Solar phase curves between 0.3° and 6.0° and color ratios at wavelengths λ=0.336 μm and λ=0.555 μm for Saturn's rings are presented using recent Hubble Space Telescope observations. We test the hypothesis that the phase reddening of the rings is less due to collective properties of the ring particles than to the individual properties of the ring particles. We use a modified Drossart model, the Hapke model, and the Shkuratov model to model reddening by either intraparticle shadow-hiding on fractal and normal surfaces, multiple scattering, or some combination.

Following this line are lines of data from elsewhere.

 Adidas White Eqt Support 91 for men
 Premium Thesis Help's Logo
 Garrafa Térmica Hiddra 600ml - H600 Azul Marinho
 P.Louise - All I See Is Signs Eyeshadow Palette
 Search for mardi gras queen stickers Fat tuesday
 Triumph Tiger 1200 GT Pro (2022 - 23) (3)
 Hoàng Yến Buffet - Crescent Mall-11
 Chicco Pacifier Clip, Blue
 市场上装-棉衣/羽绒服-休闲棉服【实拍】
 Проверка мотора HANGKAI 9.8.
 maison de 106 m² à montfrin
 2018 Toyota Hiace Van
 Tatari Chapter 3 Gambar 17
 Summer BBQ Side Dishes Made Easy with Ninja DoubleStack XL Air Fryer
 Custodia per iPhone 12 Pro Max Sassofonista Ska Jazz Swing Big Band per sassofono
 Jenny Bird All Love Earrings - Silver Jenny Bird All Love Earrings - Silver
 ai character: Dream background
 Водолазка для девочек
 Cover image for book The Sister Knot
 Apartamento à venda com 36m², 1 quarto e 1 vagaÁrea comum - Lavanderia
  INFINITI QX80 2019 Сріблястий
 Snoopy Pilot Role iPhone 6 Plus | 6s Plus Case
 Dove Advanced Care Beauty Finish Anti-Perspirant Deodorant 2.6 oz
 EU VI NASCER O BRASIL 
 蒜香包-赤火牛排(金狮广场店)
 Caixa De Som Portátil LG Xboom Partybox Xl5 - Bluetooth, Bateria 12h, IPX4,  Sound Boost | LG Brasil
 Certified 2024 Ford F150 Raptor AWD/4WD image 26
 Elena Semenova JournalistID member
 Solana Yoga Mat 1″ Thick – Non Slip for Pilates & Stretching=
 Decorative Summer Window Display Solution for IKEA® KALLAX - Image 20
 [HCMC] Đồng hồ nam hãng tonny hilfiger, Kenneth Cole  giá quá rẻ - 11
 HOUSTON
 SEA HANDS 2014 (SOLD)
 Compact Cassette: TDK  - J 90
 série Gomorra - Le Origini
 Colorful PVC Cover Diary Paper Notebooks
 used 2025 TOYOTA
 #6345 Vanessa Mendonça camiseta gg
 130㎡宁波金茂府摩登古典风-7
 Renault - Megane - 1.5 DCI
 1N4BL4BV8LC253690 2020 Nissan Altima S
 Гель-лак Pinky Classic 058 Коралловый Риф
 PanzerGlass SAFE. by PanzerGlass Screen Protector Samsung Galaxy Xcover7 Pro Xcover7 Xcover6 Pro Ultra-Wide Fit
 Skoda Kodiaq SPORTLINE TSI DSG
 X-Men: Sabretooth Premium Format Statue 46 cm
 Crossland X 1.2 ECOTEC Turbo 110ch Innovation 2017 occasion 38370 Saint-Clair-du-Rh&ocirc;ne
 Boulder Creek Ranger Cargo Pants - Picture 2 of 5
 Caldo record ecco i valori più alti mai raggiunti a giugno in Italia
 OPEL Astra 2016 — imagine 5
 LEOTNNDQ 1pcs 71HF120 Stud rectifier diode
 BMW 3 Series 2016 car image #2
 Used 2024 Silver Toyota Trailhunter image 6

The modified Drossart model (including only shadowing) failed to reproduce the data. The Hapke model gives fair fits, except for the color ratios. A detailed study of the opposition effect suggests that coherent backscattering is the principal cause of the opposition surge at very small phase angles. The shape of the phase curve and color ratios of each main ring regions are accurately represented by the Shkuratov model, which includes both a shadow-hiding effect and coherent backscatter enhancement. Our analysis demonstrates that in terms of particle roughness, the C ring particles are comparable to the Moon, but the Cassini division and especially the A and B ring particles are significantly rougher, suggesting lumpy particles such as often seen in models. Another conspicuous difference between ring regions is in the effective size d of regolith grains (d∼λ for the C ring particles, d∼1-10 μm for the other rings).     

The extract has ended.